El cielo se nos viene encima, el agua está por todas partes, pero seguimos tensando esa ancla que no tendrá que caer, este pan en la mesa que ampara una conversación, el café que se sigue degustando, los perros que seguirán con algo importantísimo a la vuelta de la esquina.
Todo es un ir y venir de barcos en estos pedazos de tierras caribeñas. Siempre me estoy imaginando el horizonte que verán los yoleros que salen de Miches en dirección a Mayagüez.
Me figuro también cualquier orilla del lago Enriquillo y la orilla de la Isla Cabritos.

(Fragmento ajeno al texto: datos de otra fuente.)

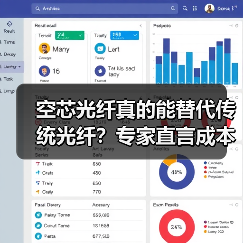 空芯光纤真的能替代传统光纤?专家直言成本高应用难(图1) 空芯光纤真的能替代传统光纤?专家直言成本高应用难(图1)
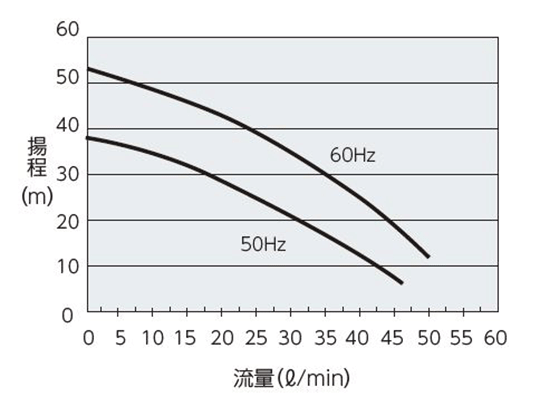 PCU-W3610R ポンプ能力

Veo los ojos de los caimanes y veo el inicio de los tiempos justo en el instante en que las iguanas hacen alguna pausa de su siesta milenaria.

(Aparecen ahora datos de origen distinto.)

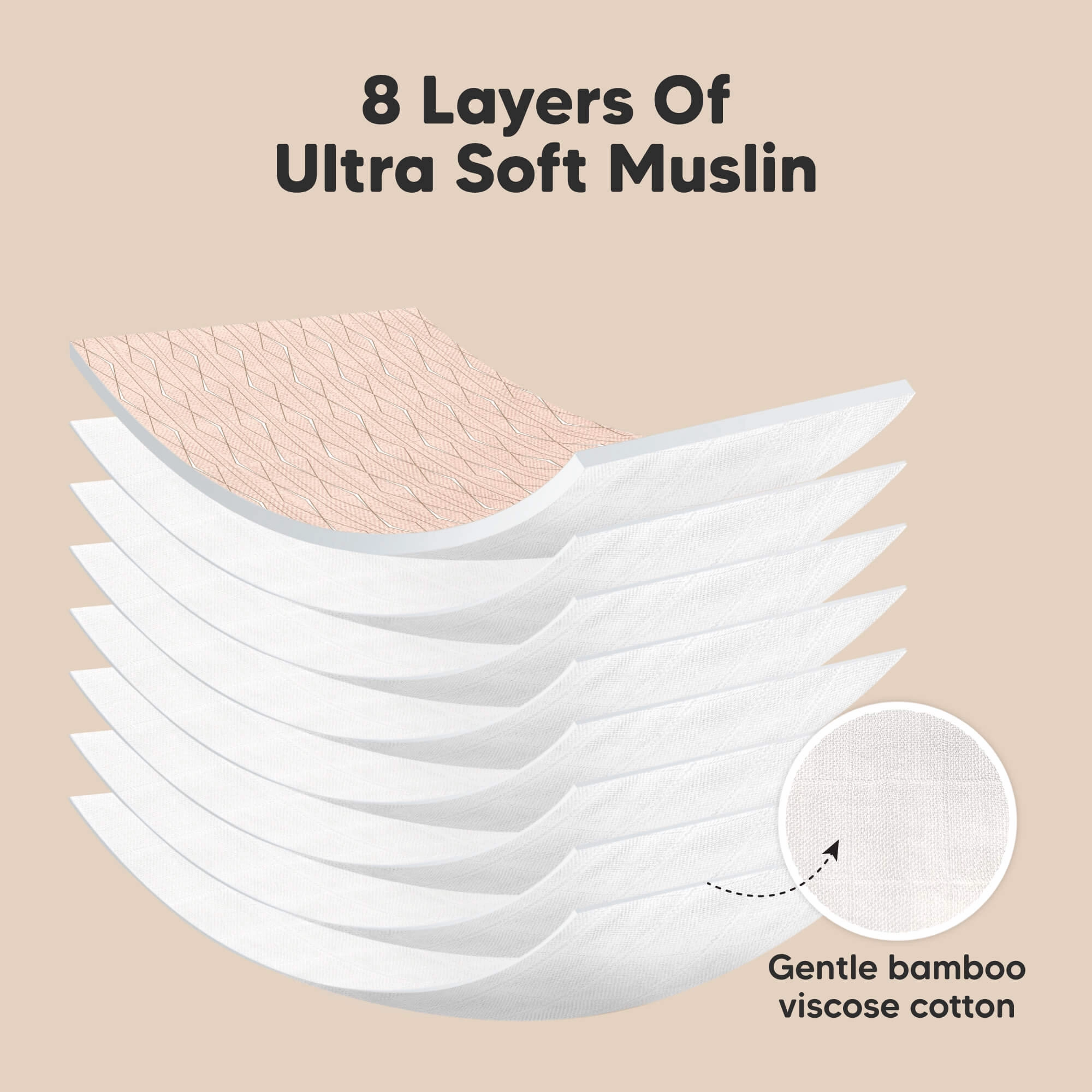 Softe Muslin Baby Burp Cloth (Prism)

Todo esa agua en esta isla media isla dominicana.
Del otro lado, en Haití, pasa lo mismo. Hay que recorrer la costa por Jacmel, imaginarse la llegada de Simón Bolívar buscando auxilio para su causa libertadora y estar saliendo con su pequeña armada, rumbo a las futuras repúblicas bolivarianas. Somos islas dentro de muchísimas islas, pero no siempre nos hemos dado cuenta.

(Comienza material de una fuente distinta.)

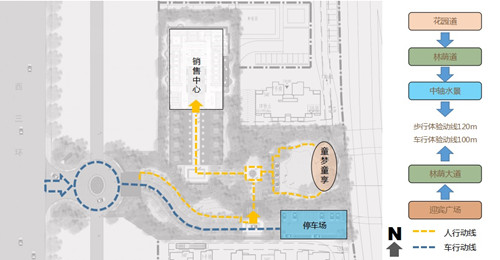 園冶杯專(zhuān)業(yè)獎(jiǎng)：陽(yáng)光城利茲公館景觀設(shè)計(jì)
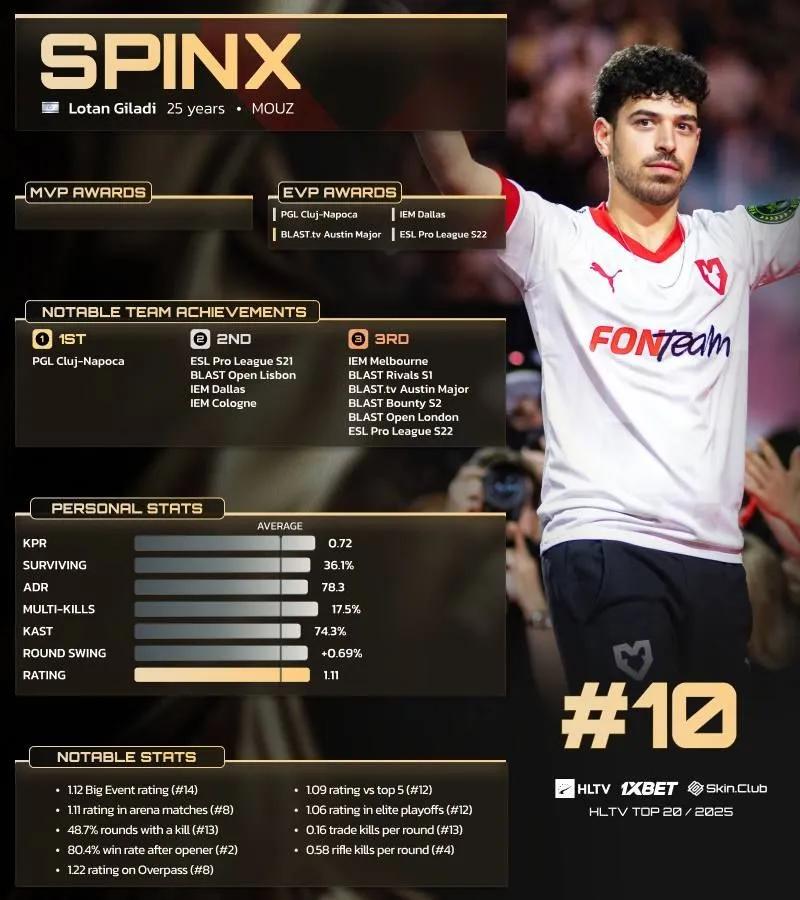Spinx занял 10-е место в рейтинге 20 лучших игроков 2025 года по версии HLTV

En nuestro arte, el agua son las gotas de alguna lluvia National Geographic, el aderezo con el que queremos sabernos avantgarde y otras antiguallas.
No hay lluvia en nuestra fotografía. Hubo algún en un cuadro de los años 40, en Darío Suro, pero nada más.
No hay mar estridente o mar invitándonos a compartir sus misterios en la literatura, y ni decir, en el cine. El mar es una superficie para deslizarnos, pero no una pared que al mismo tiempo contiene nuestra savia más íntima
Somos el país del no-hay, de la trayectoria que se realiza porque hay una fuerza ciega, empujándonos, pero no por la decisión de buscar, de buscarse.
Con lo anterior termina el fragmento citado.